Rotational model for actin filament alignment by myosin.

Dynamics of the actomyosin cytoskeleton regulate cellular processes such as secretion, cell division, cell motility, and shape change. Actomyosin dynamics are themselves regulated by proteins that control actin filament polymerization and depolymerization, and myosin motor contractility. Previous theoretical work has focused on translational movement of actin filaments but has not considered the role of filament rotation. Since filament rotational movements are likely sources of forces that direct cell shape change and movement we explicitly model the dynamics of actin filament rotation as myosin II motors traverse filament pairs, drawing them into alignment.

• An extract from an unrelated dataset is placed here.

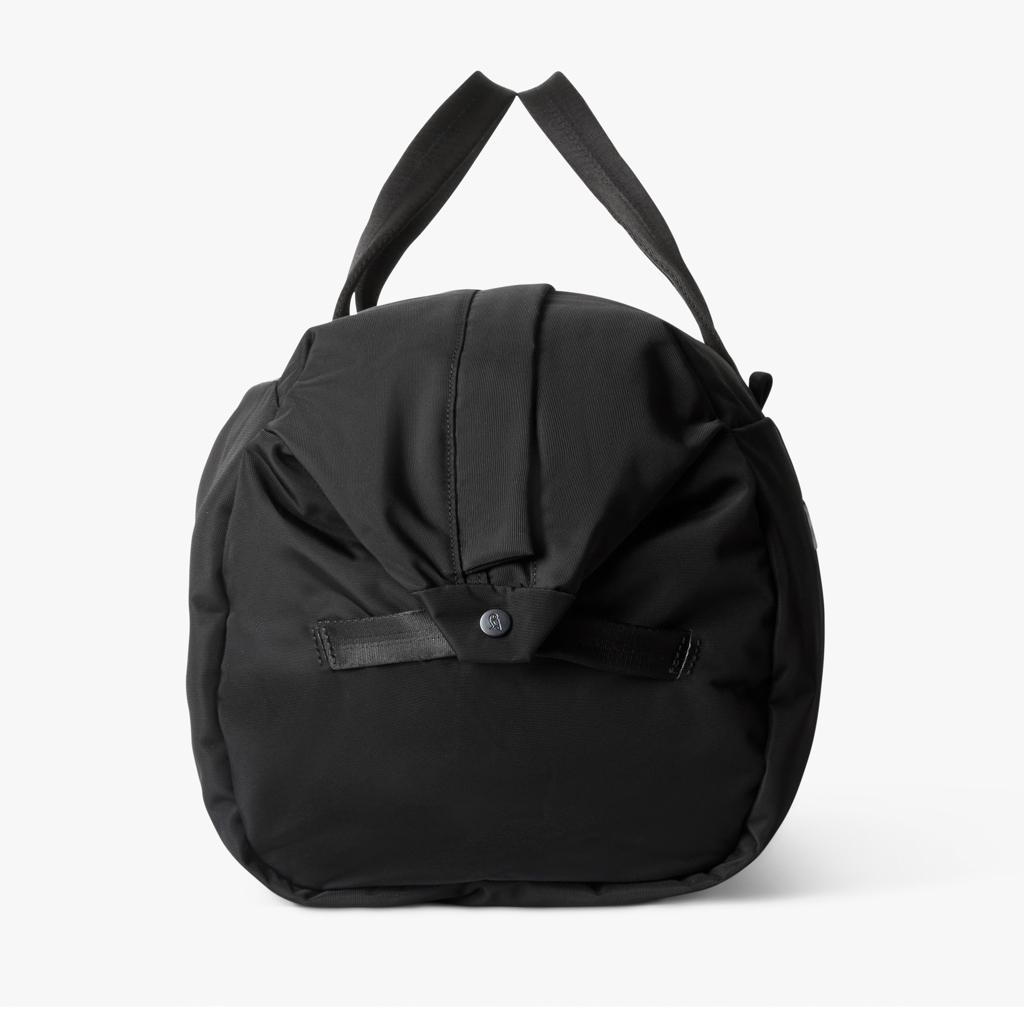 Bild på Weekendväska Bellroy Classic 45L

Using Monte Carlo simulations we find an optimal motor velocity for alignment of actin filaments. In addition, when we introduce polymerization and depolymerization of actin filaments, we find that alignment is reduced and the filament arrays exist in a stable, asynchronous state. Further analysis with continuum models allows us to investigate factors contributing to the stability of filament arrays and their ability to generate force. Interestingly, we find that two different morphologies of F-actin arrays generate the same amount of force. We also identify a phase transition to alignment which occurs when either polymerization rates are reduced or motor velocities are optimized. We have extended our analysis to include a maximum allowed stretch of the myosin motors, and a non-uniform length for filaments leading to little change in the qualitative results. Through the integration of simulations and continuum analysis, we are able to approach the problem of understanding rotational alignment of actin filaments by myosin II motors.